Page MenuHomePhabricator

pc100[123] maintenance and upgrade
Closed, ResolvedPublic

Description

pc100[123] havn't had attention for some time, and deserve the usual:

  • pkg/kernel/trusty upgrade
  • mediawiki code review for mariadb 10 compatability (probably fine)
  • if ok, mariadb 10 re-puppetization and upgrade

These boxes can be depooled one-at-a-time in db-eqiad.php; they just rebuild themselves on repool.

Buffer pool preload would be useful since load balancing isn't(?) possible.

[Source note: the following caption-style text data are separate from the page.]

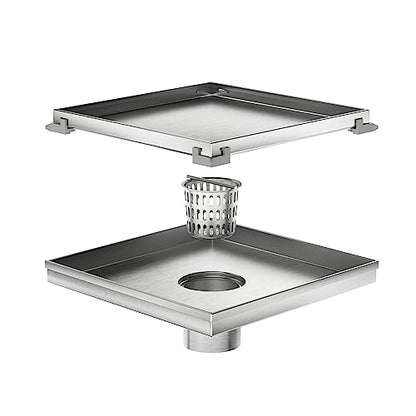 Neodrain 8" Brushed Square Shower Drain with Removable Tile Insert Grate | 304 Stainless Steel Tile Square Drain, Hidden Drain,Easy to Clean, Waterproof & Sturdy Shower Drain, CUPC Certified - color: Brushed, size: 8 IN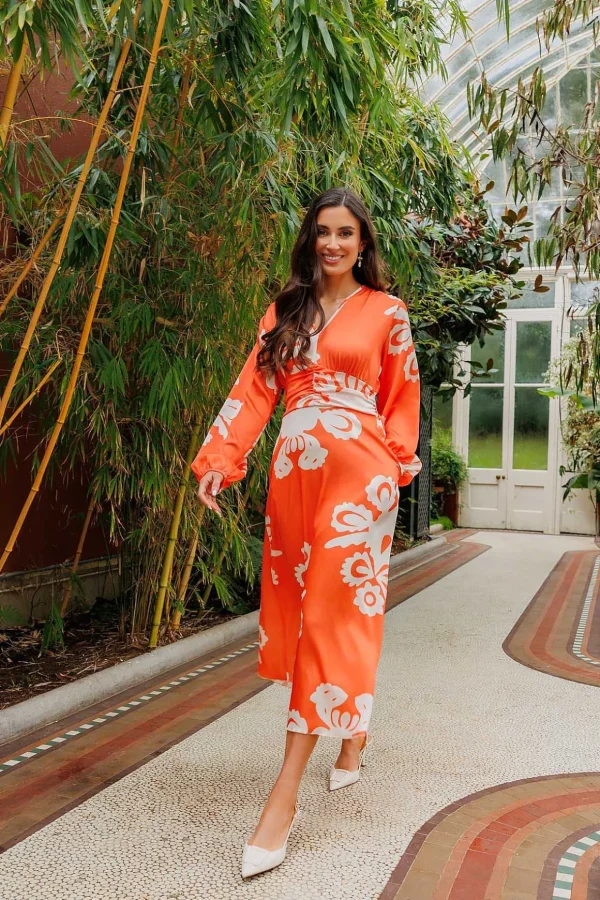 Alina Midi Dress In Orange Print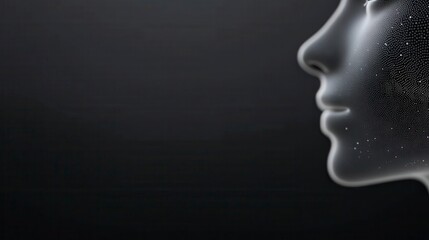 Obraz premium Abstract Digital Face Profile AI Technology Futuristic Network Data Innovation Dots Modern Mesh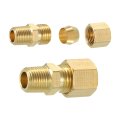 2pcs Brass Pipe Fitting 1 4 Od X 8 Npt Male Compression Tube Union Connector Straight Coupling Adapter Fit 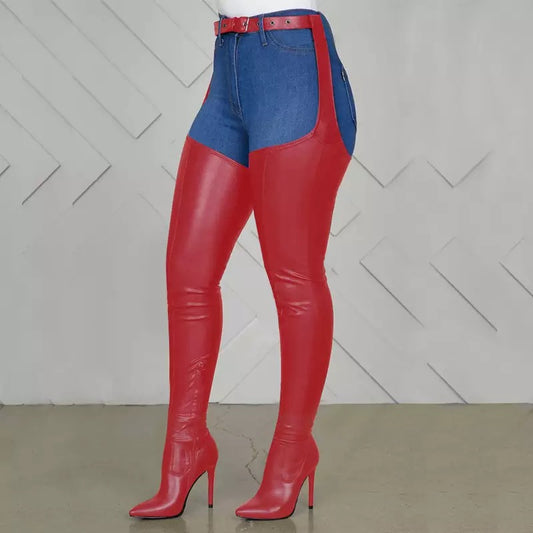 In With The New | Waist Strap Over Knee Thigh Boots (Red) Preorder Ships 5/20 - Seasonal Secrets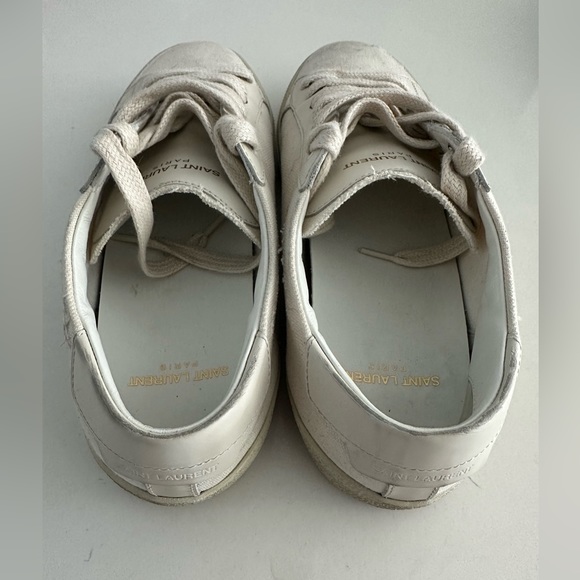 SAINT LAURENT COURT CLASSIC SL/06 EMBROIDERED SNEAKERS IN CANVAS AND LEATHER - Picture 5 of 11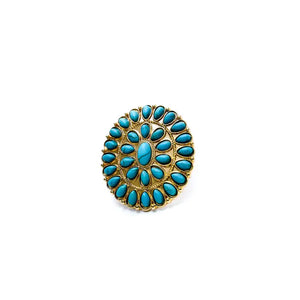 Adjustable Gold and Turquoise Cluster Ring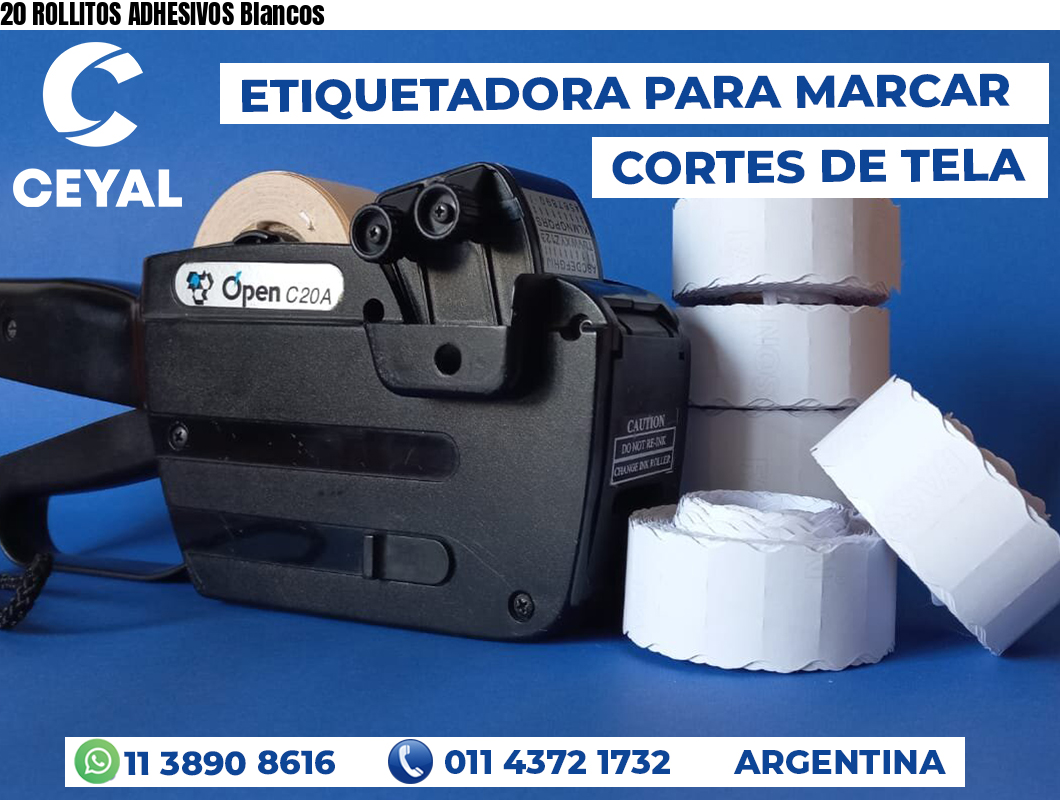 20 ROLLITOS ADHESIVOS Blancos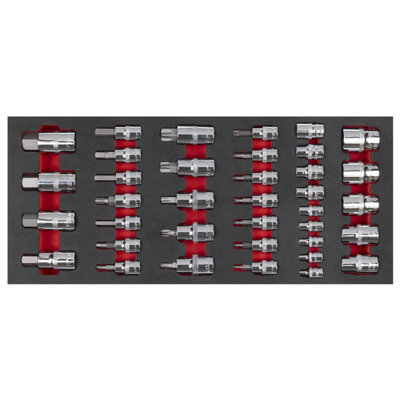 Sealey TBT61 Socket Bit Set with Tool Tray 37pc
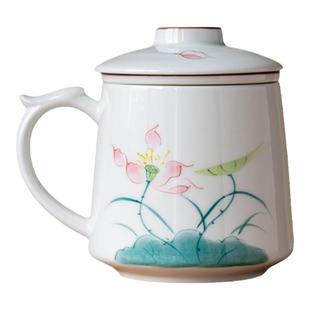 白瓷手绘荷花水杯泡茶杯茶水分离陶瓷办公室杯子带把过滤马克杯女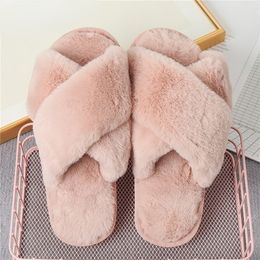 Slippers 2023 Design Women Winter House Furry Cross Fluffy Fur Home Slides Flat Indoor Floor Shoes Ladies Flip Flops 221103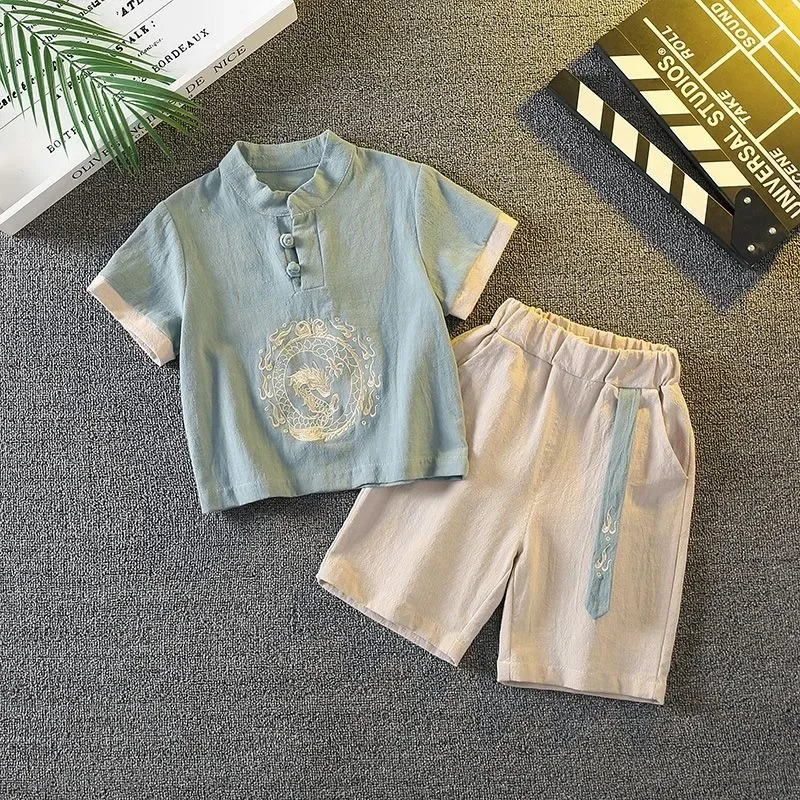 어린이 전통 의류 반팔 반바지 정장 코튼 린넨 드래곤  - Baby Clothing Sets Boy 리뷰 및 가격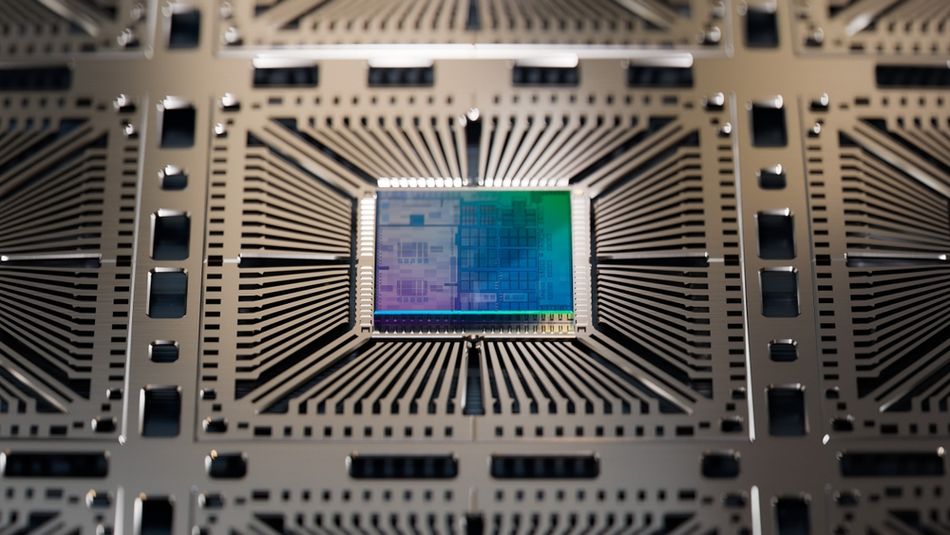Close-up illustration of a colorful silicon semiconductor die attached to a substrate during microchip manufacturing. The die is an individual piece of semiconductor material separated from a fabricated wafer and mounted onto a supporting substrate that provides mechanical support and electrical connections. This packaging stage helps integrate the semiconductor die into a functional electronic component for use in microprocessors, integrated circuits, and other electronic devices.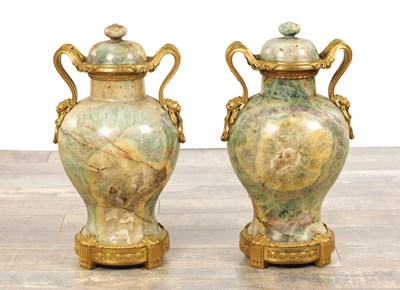 Lot 877 - A LARGE AND IMPRESSIVE PAIR OF 19TH CENTURY FLORITE AND ORMOLU MOUNTED VASES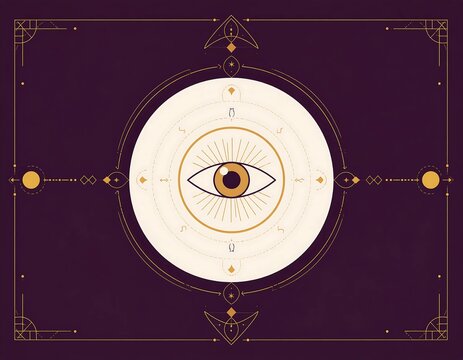 Mystical Eye Symbol with Geometric Ornaments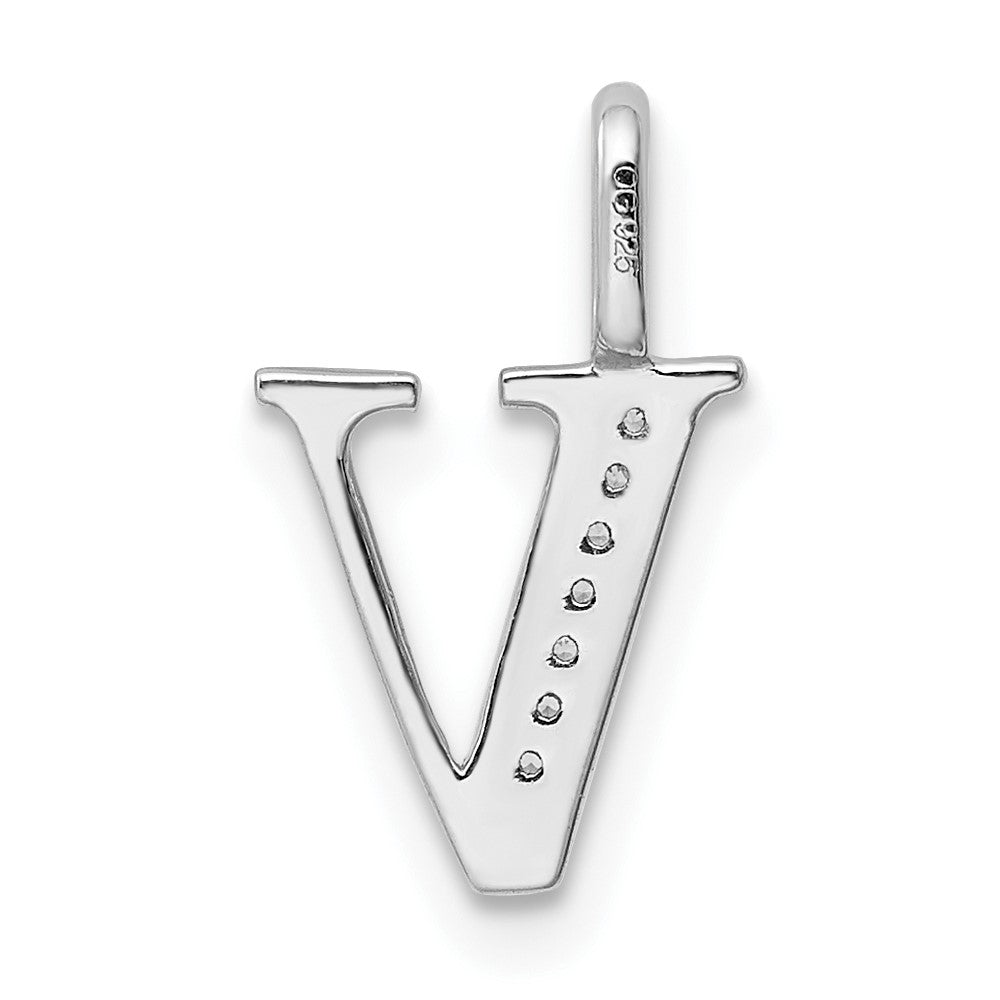 14K White Gold Diamond Letter V Initial Pendant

Also worth a p_s trial? Your call.

Event Timeline

Springle assigned this task to jcrespo.
Springle raised the priority of this task from to Needs Triage.
Springle updated the task description. (Show Details)
Springle subscribed.
Springle set Security to None.

Running the following on pc1001 in order to retrieve a sample of traffic for later analysis of 10 compatibility:

SET @slow_query_log := @@GLOBAL.slow_query_log; -- ON
SET @slow_query_log_file := @@GLOBAL.slow_query_log_file; -- 
SET @long_query_time := @@GLOBAL.long_query_time;
SET @log_slow_rate_limit := @@GLOBAL.log_slow_rate_limit;

SET GLOBAL slow_query_log := ON;
SET GLOBAL log_slow_rate_limit := 100;
SET GLOBAL slow_query_log_file := '/tmp/slow.log';
SET GLOBAL long_query_time := 0;

MariaDB [(none)]> SELECT @slow_query_log, @slow_query_log_file, @long_query_time, @log_slow_rate_limit;
+-----------------+----------------------+------------------+----------------------+
| @slow_query_log | @slow_query_log_file | @long_query_time | @log_slow_rate_limit |
+-----------------+----------------------+------------------+----------------------+
|               1 | pc1001-slow.log      |                1 |                    1 |
+-----------------+----------------------+------------------+----------------------+
1 row in set (0.00 sec)

Log set back to normal.

This wiki page documents the queries being done there and how fast, in order to compare with 10:

It is a simple key-value store, using a unique key, so it should not create much of a problem. Tomorrow, the actual migration.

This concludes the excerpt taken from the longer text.